Saved entries

────────

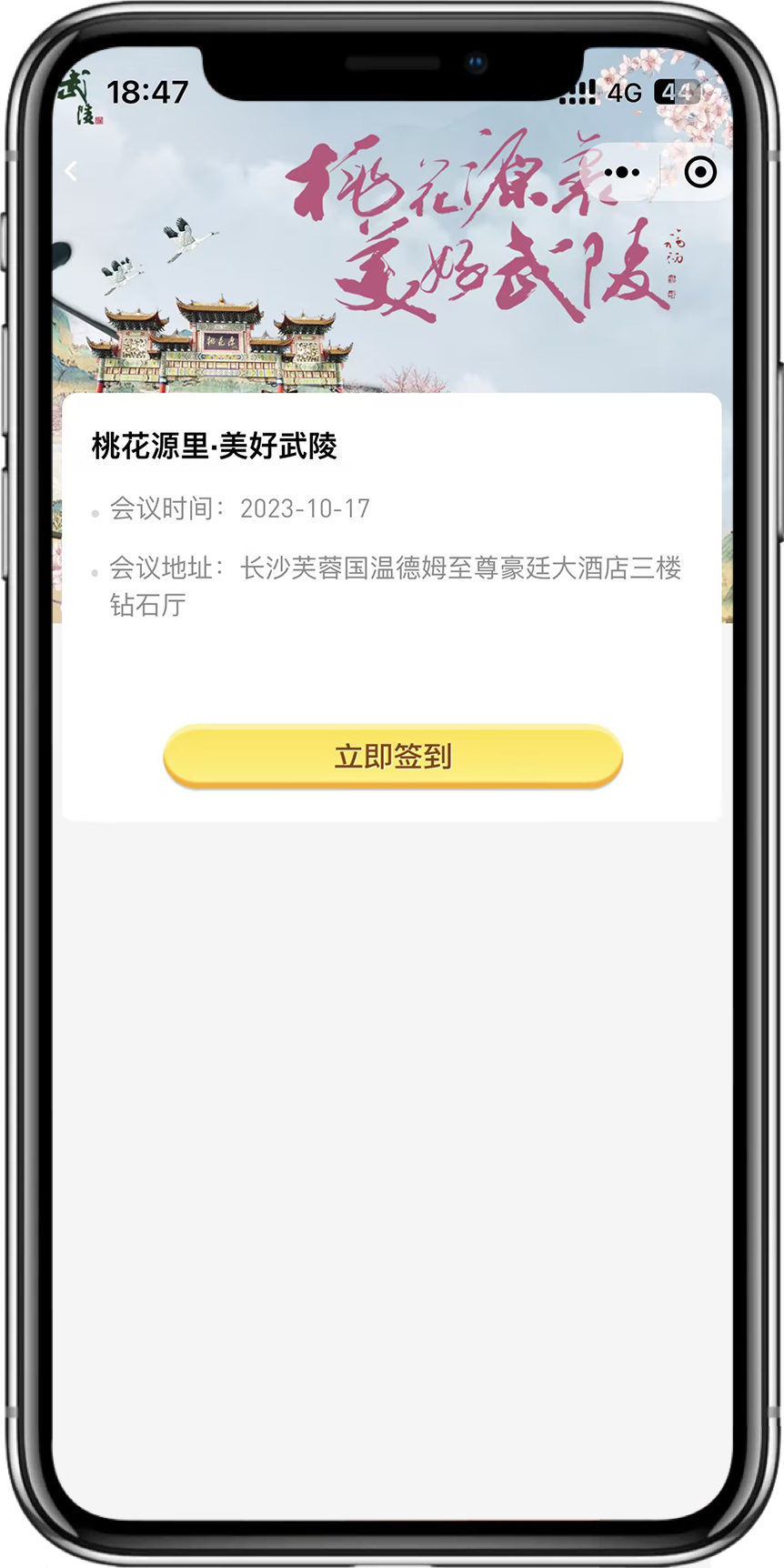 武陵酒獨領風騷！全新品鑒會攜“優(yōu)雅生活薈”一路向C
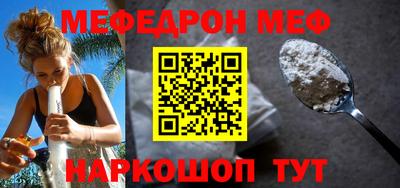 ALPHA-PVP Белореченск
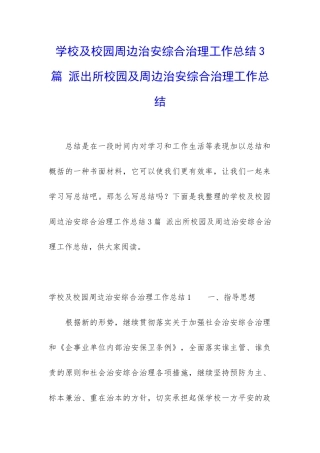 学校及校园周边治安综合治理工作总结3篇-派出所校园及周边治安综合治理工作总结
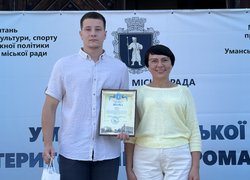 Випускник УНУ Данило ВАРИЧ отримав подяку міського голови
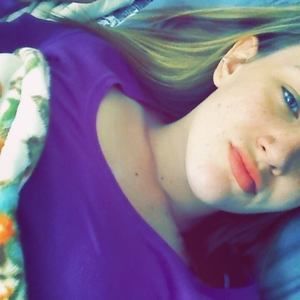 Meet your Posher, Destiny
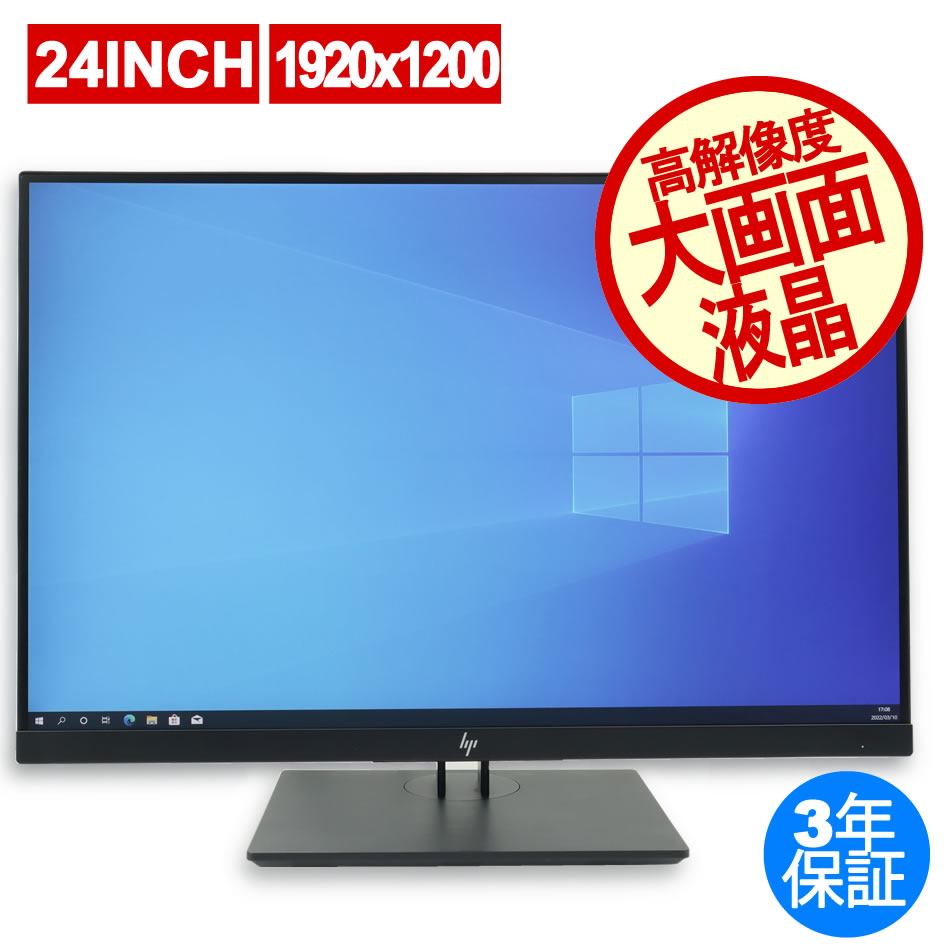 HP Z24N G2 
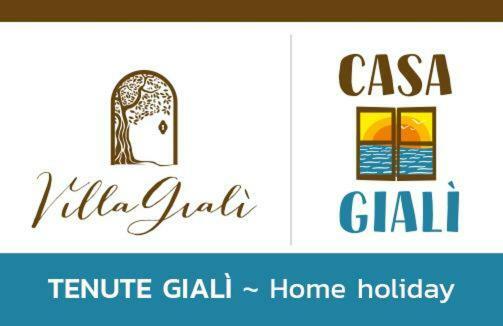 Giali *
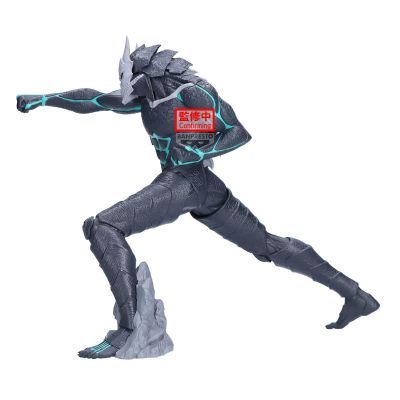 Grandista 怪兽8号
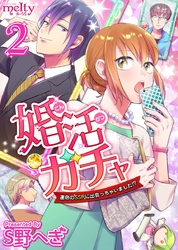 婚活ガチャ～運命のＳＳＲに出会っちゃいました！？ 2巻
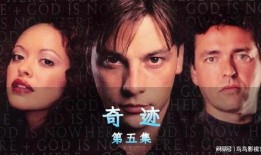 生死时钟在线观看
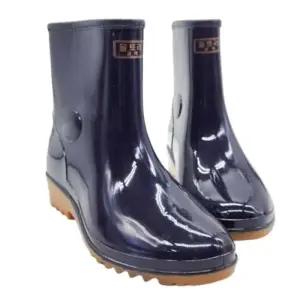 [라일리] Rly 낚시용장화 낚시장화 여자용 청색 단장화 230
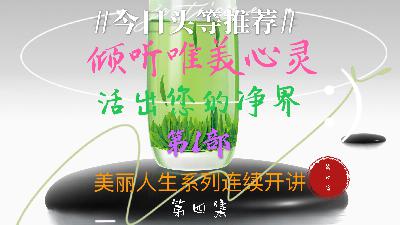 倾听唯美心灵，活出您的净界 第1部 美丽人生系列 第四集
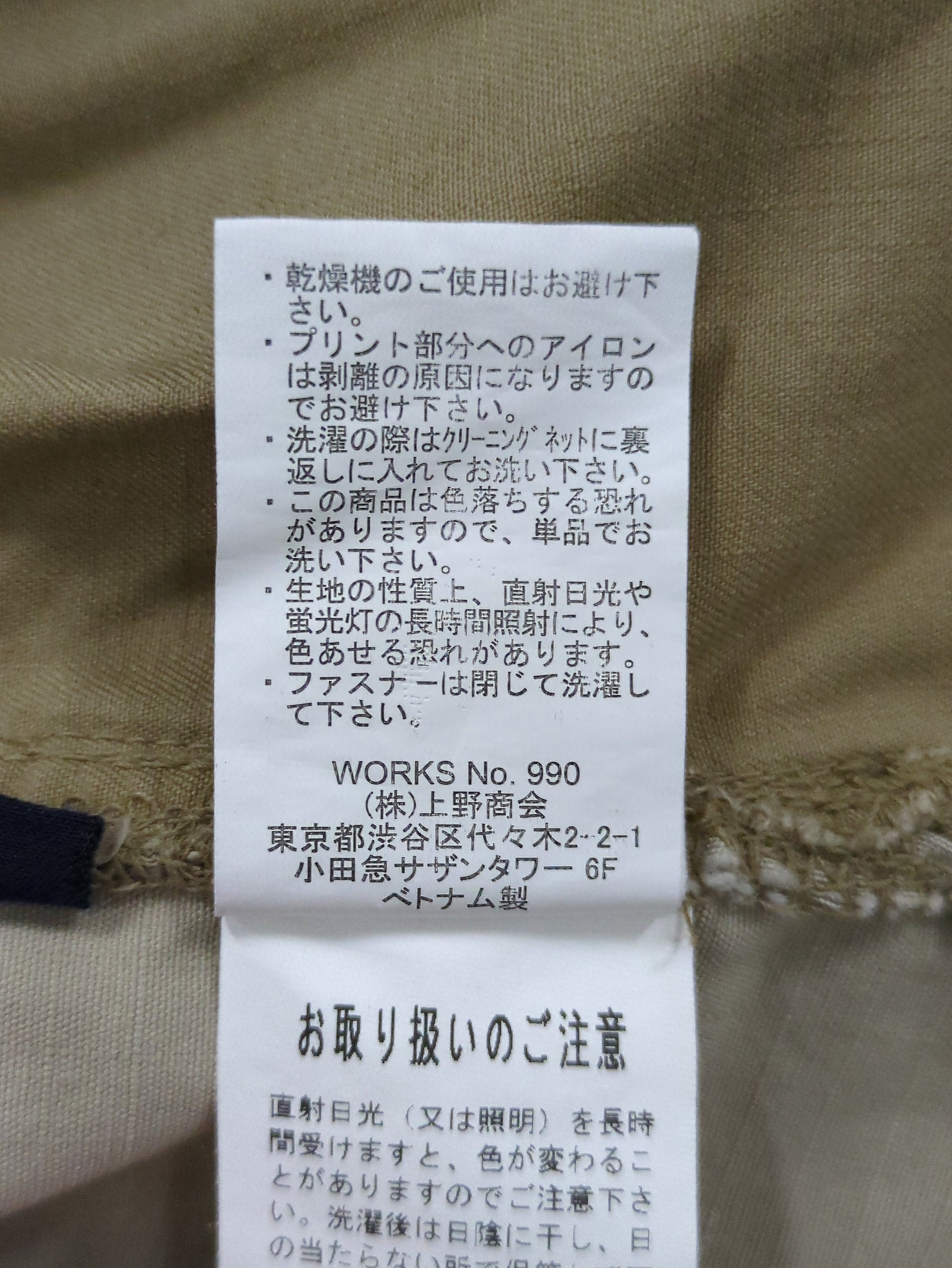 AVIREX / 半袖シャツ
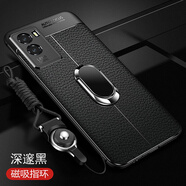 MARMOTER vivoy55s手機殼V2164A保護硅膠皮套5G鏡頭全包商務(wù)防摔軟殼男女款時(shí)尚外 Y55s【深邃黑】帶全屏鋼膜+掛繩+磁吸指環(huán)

────────

» **Task directions**: All lines from the one containing "Grandista 怪兽8号" through the final line of the records are to be retyped exactly; no other lines and no pictures are to be included.

» **Your response**:
 Grandista 怪兽8号
 婚活ガチャ～運命のＳＳＲに出会っちゃいました！？ 2巻
 生死时钟在线观看
 [라일리] Rly 낚시용장화 낚시장화 여자용 청색 단장화 230
 倾听唯美心灵，活出您的净界 第1部 美丽人生系列 第四集
 AVIREX / 半袖シャツ
 MARMOTER vivoy55s手機殼V2164A保護硅膠皮套5G鏡頭全包商務(wù)防摔軟殼男女款時(shí)尚外 Y55s【深邃黑】帶全屏鋼膜+掛繩+磁吸指環(huán)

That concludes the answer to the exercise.